Strikes by French railway and port workers halved train services and prompted cancellation of ferry links to Britain yesterday as labour unions sought to force President Francois Hollande’s government into retreat on controversial labour law reforms.
After weeks of protests in which hundreds of their number have been hurt, police held a rally of their own to vent frustration over the stresses of near daily clashes with violent youths on the fringes of the anti-reform movement.
As they did so, a crowd chanting “police everywhere, justice nowhere” surrounded a police patrol car, which went up in flames after the police officers inside fled the scene, a few hundred metres from where their colleagues were rallying.
The public prosecutor’s office said after the incident it was opening an inquiry into attempted homicide.
Yesterday’s rail strikes, set to run until tomorrow morning, reduced high-speed and inter-city services by 40% to 50%, also heavily disrupting local and suburban commuter lines, the SNCF state railway company said.
Strike turnout, the SNCF said, was about 15%, lower than in previous stoppages.
Brittany Ferries announced mass cancellations of connections between Britain and northern France, where port workers joined the industrial action.
Truckers maintained blockades set up on Tuesday in a bid to strangle deliveries in and out of fuel and food distribution depots.
At issue is one of Hollande’s flagship reforms a year from a presidential election – law changes designed to make it easier for employers to hire and fire staff and to opt out of cumbersome national rules in favour of in-house accords on pay.
Hollande says that the change will encourage firms to recruit and combat an unemployment rate that has remained above 10%.
The 61-year-old leader has said he will not consider running for re-election if he fails to make inroads against joblessness.
Critics say the reform will totally undermine the standards of protection enshrined for decades in national labour law.

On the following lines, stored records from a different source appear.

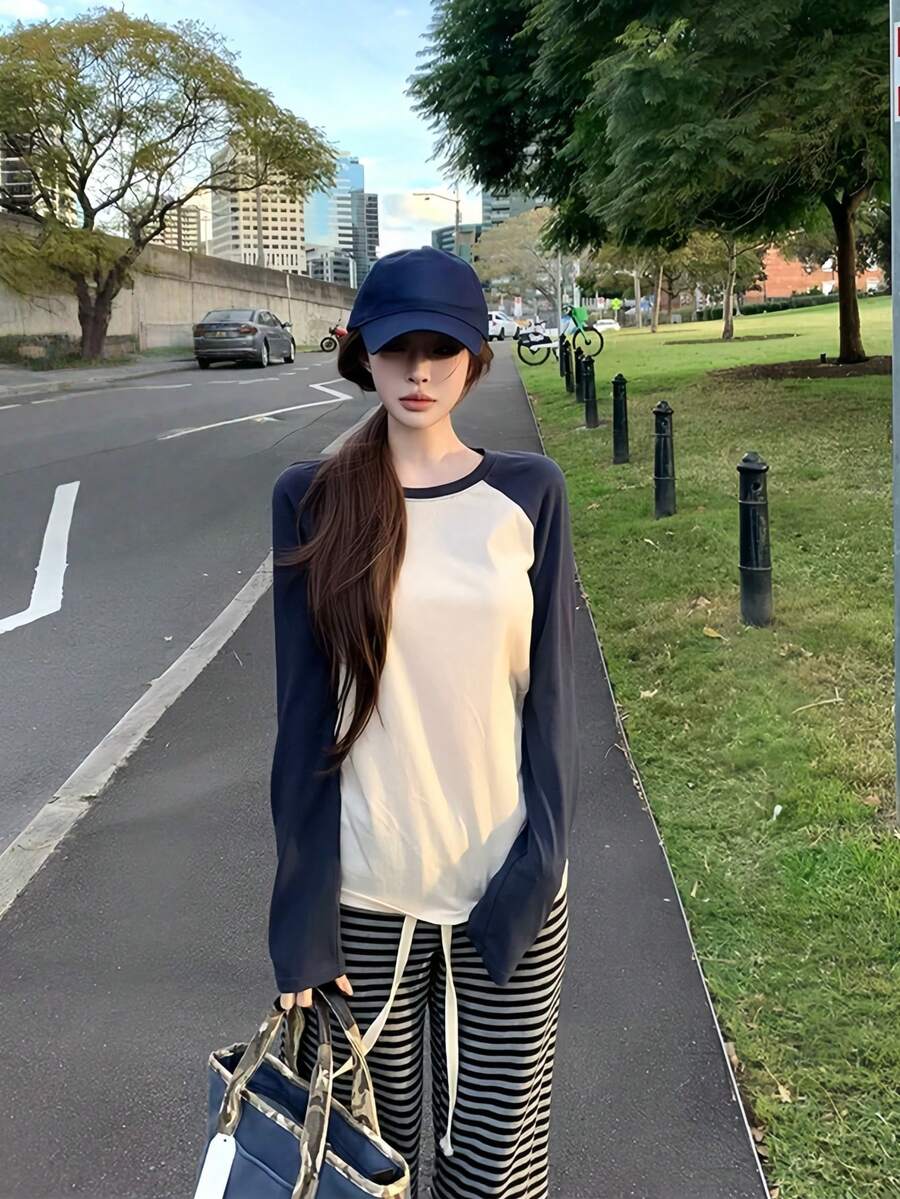 女款撞色插肩袖T恤,秋季寬鬆休閒內搭上衣,慵懶圓領長袖上衣 - 藍色 - 查看 1
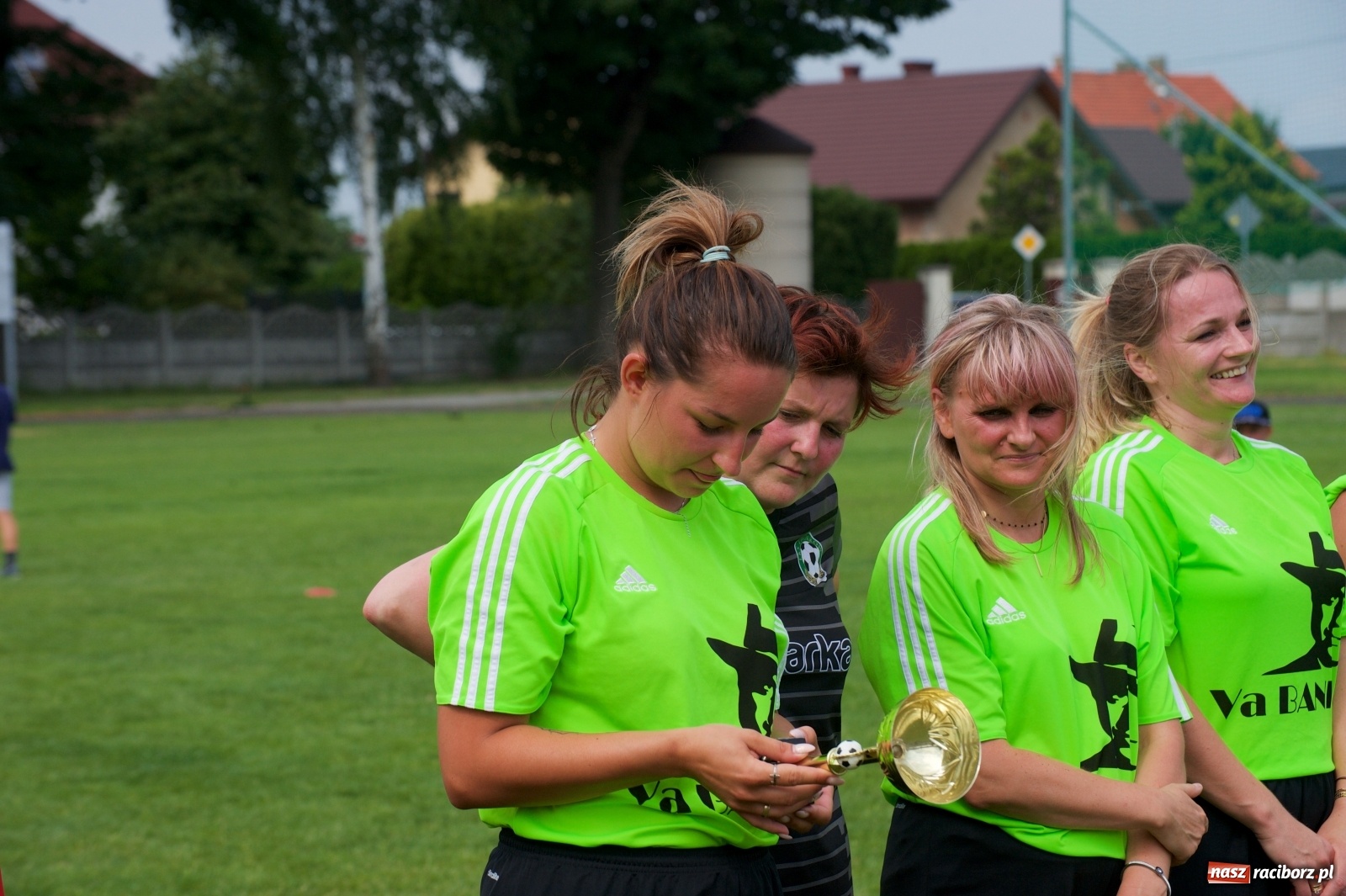 Zdjęcie w galerii na portalu naszraciborz.pl: Tworków. Mamuśki znów zagrają o puchar sołtysa wiadomości z regionu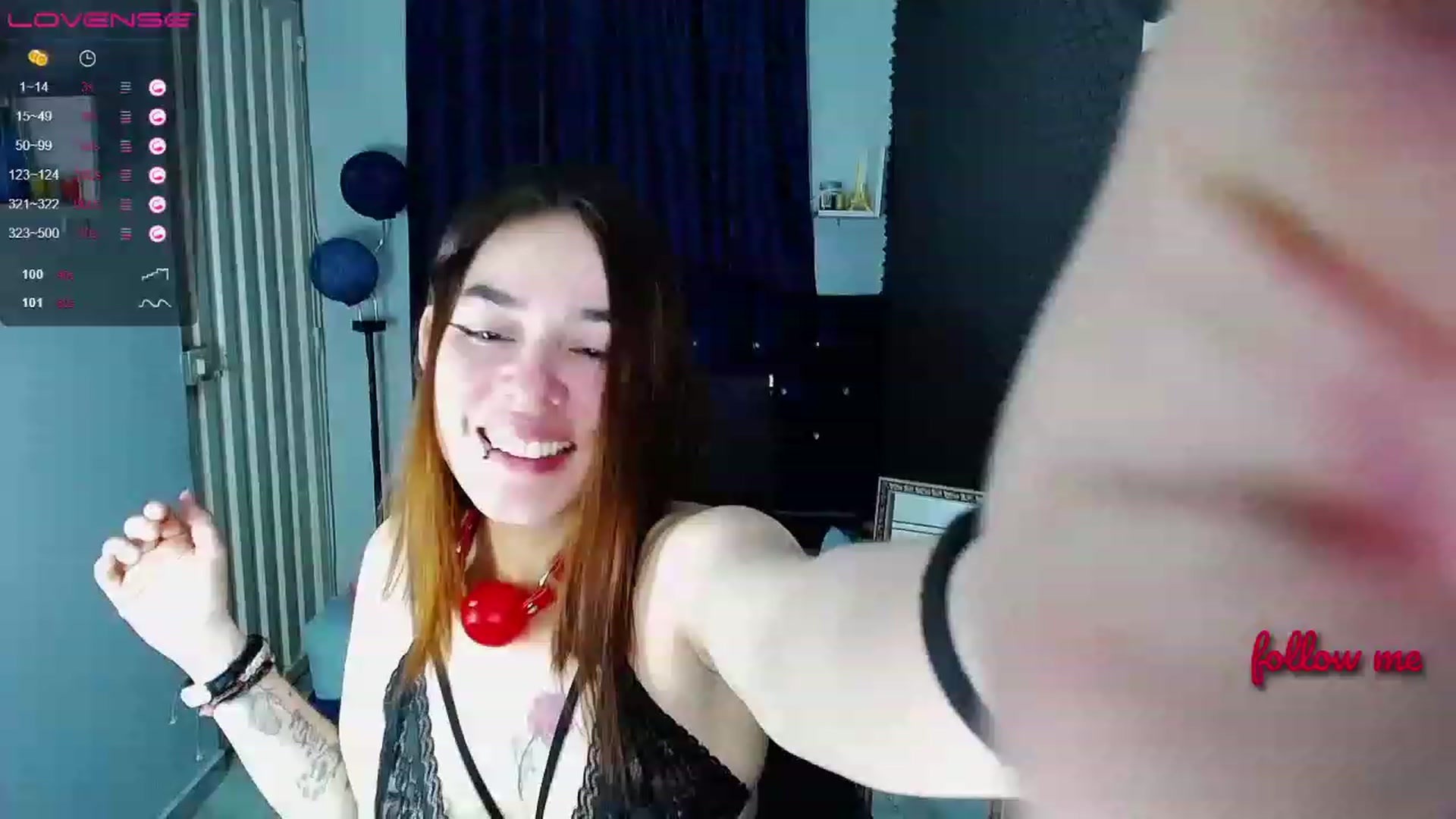 Gallery image thumbnail from Nikolle_8's myfreecams stream on, 06/15/2023, 04:16 image 12 of 20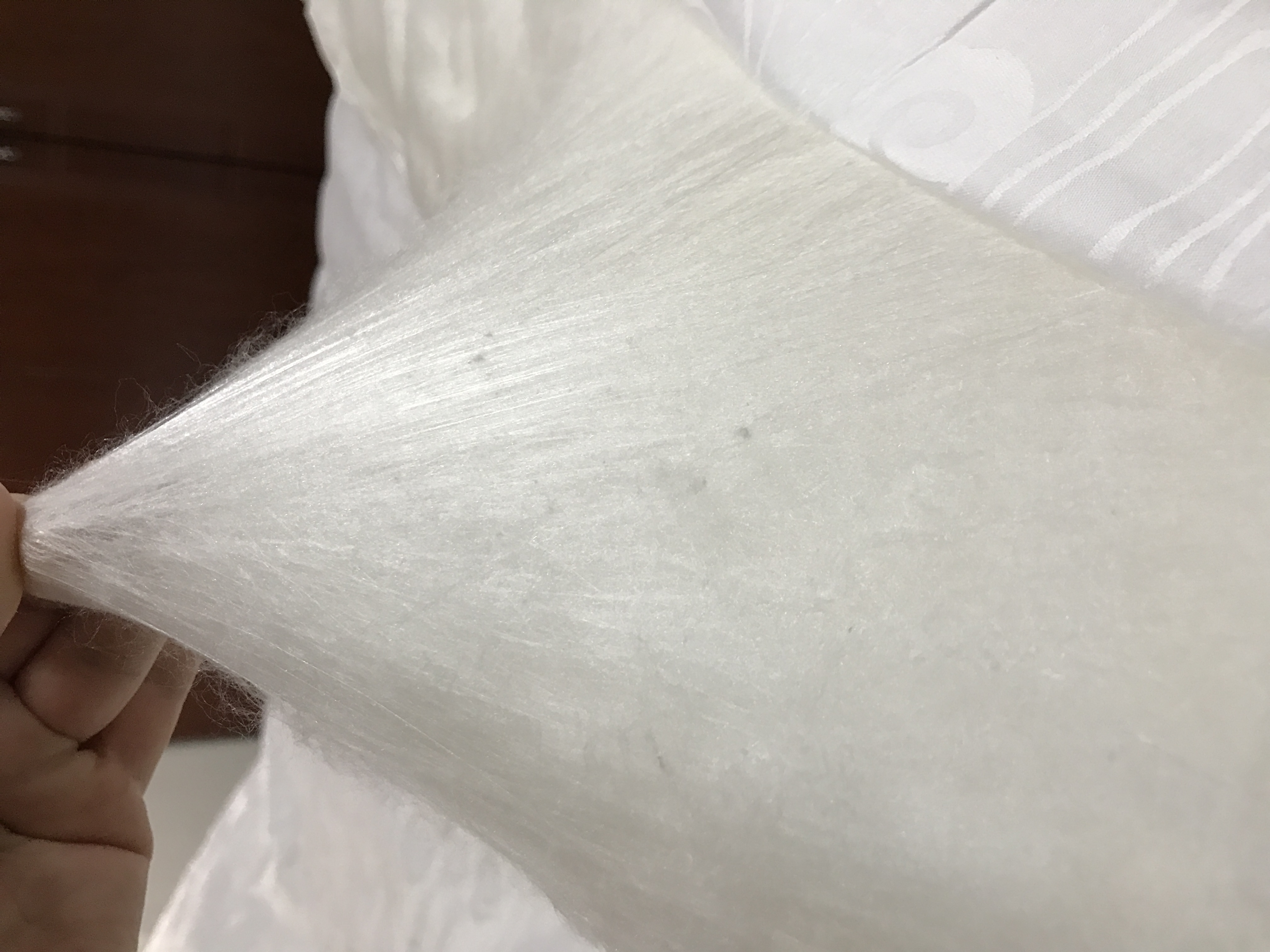 蚕丝被的好处都有哪些,睡蚕丝被的好处和坏处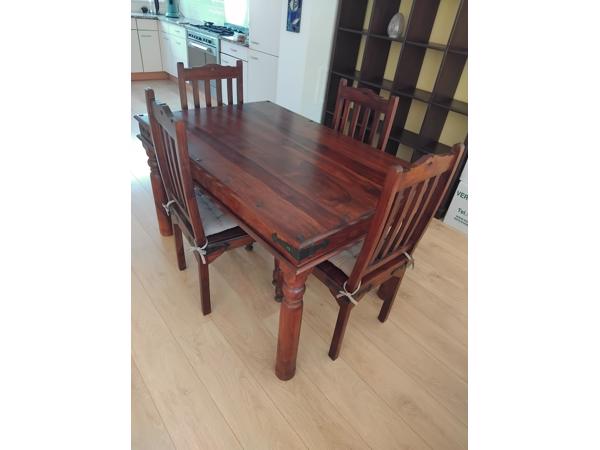 Eettafel met 4 stoelen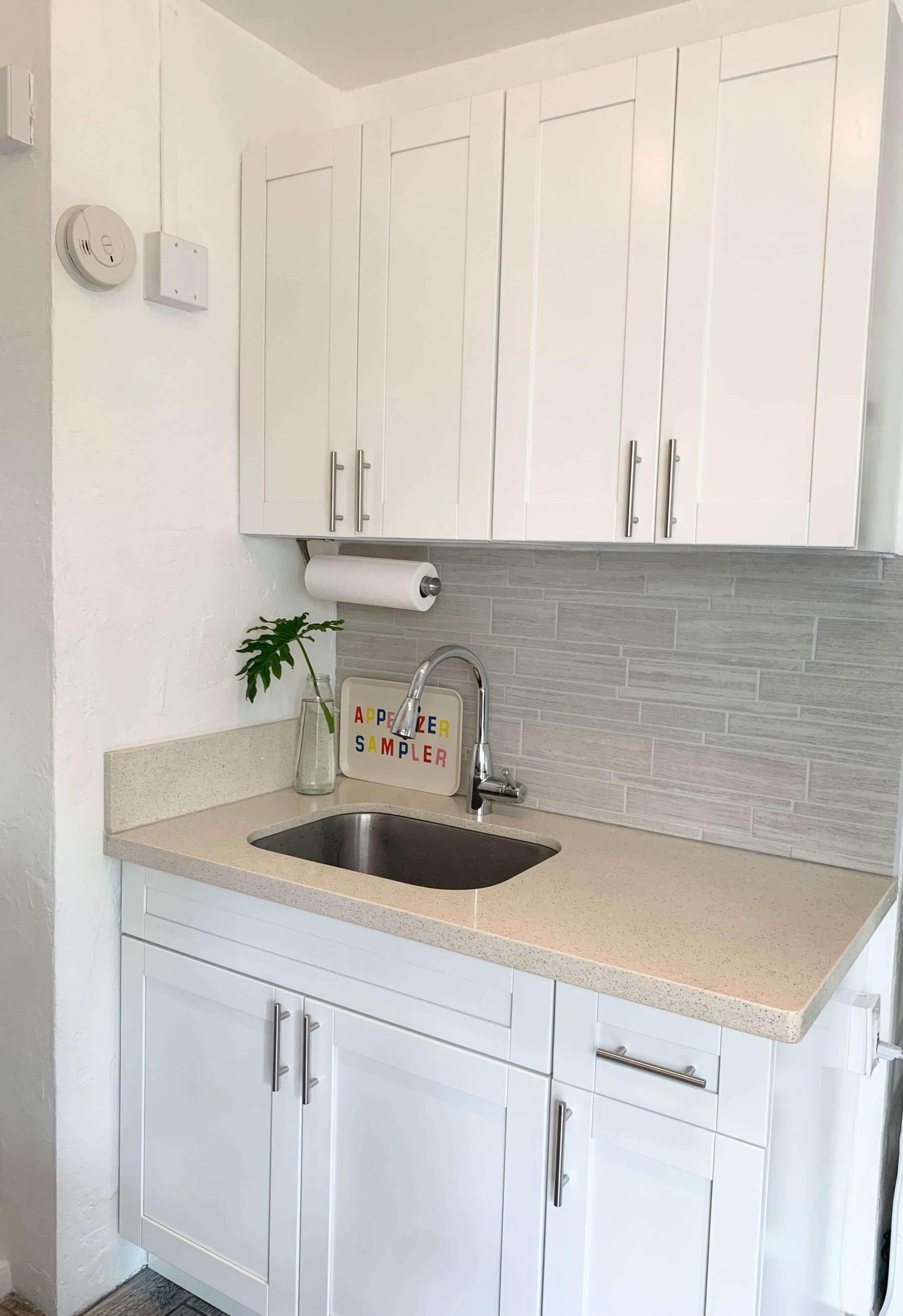 Condo in Honolulu · ★4.94 · Studio · 1 bed · 1 bath - Image 13
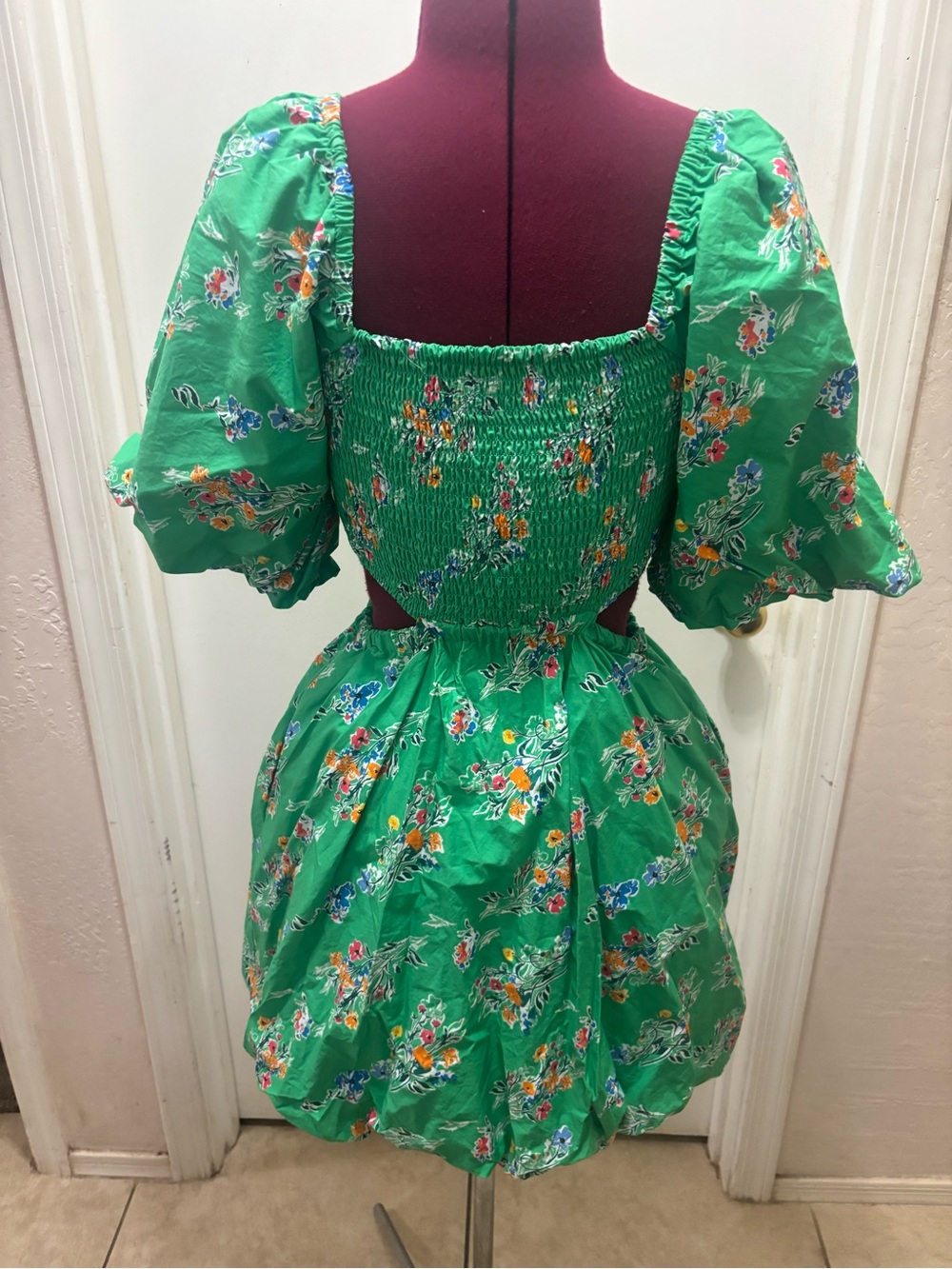 🍾NWT a.new.day Green Floral Puff-Sleeve cut out bubble a line Mini Dress, SizeXS - Picture 5 of 6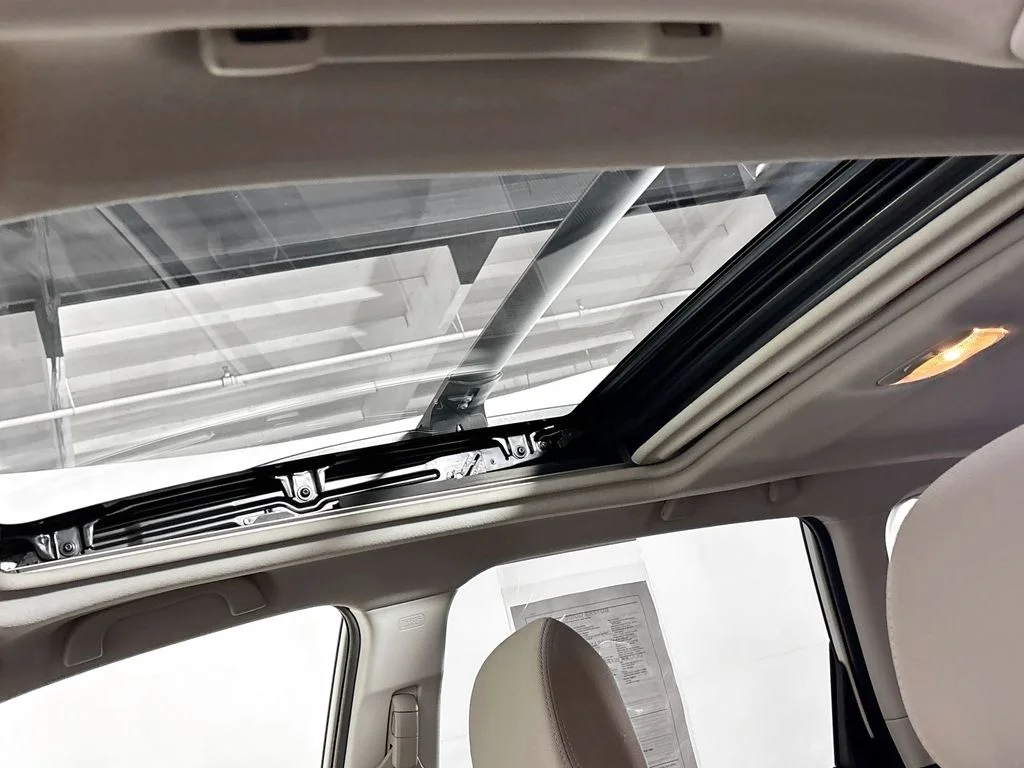 Used 2014 White Subaru 2.5i Premium image 18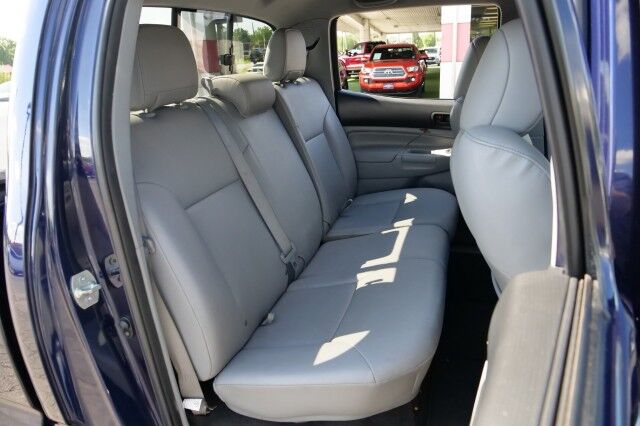 2013 Toyota Tacoma 4X4 / Limited Package / Tow Package! High Point NC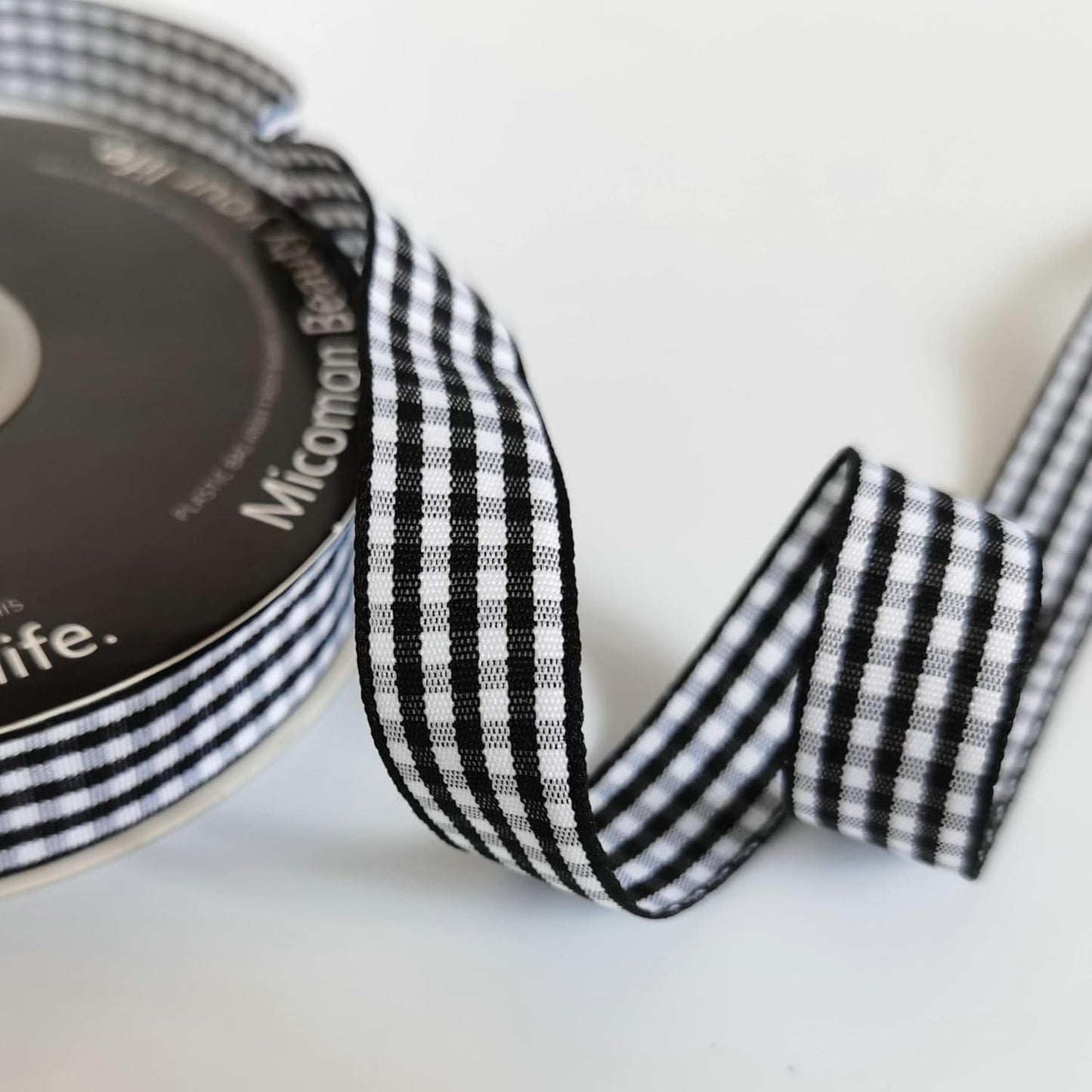 Black and White Wovon Edge Gingham Ribbon 25 Yard Each Roll 100% Polyester (5/8", Black)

The plan, which pollsters say is opposed by three in four French people, has provoked weeks of often violent protests.
It has also increased pressure on police who were already stretched by extra duties following last November’s deadly militant Islamist attacks on France and are also gearing up for the Euro 2016 soccer tournament that kicks off on June 10.
Condemning what it described as mounting “anti-cop hatred”, the Alliance police union called for yesterday’s rally in the Place de la Republique, a central Paris square that has seen regular skirmishes in past weeks between riot police personnel and youths hurling petrol bombs and paving stones.
Paris police chief Michel Cadot banned a counter-protest by a group that accuses the police of brutality.
Interior Minister Bernard Cazeneuve defended the police and said that 350 officers were injured in stand-offs that had produced 1,300 arrests in just two months.
Further strikes and protests are planned for the rest of the week in what labour unions, along with a youth protest movement called “Nuit Debout”, hope will prove a big enough show of force to make Hollande reconsider.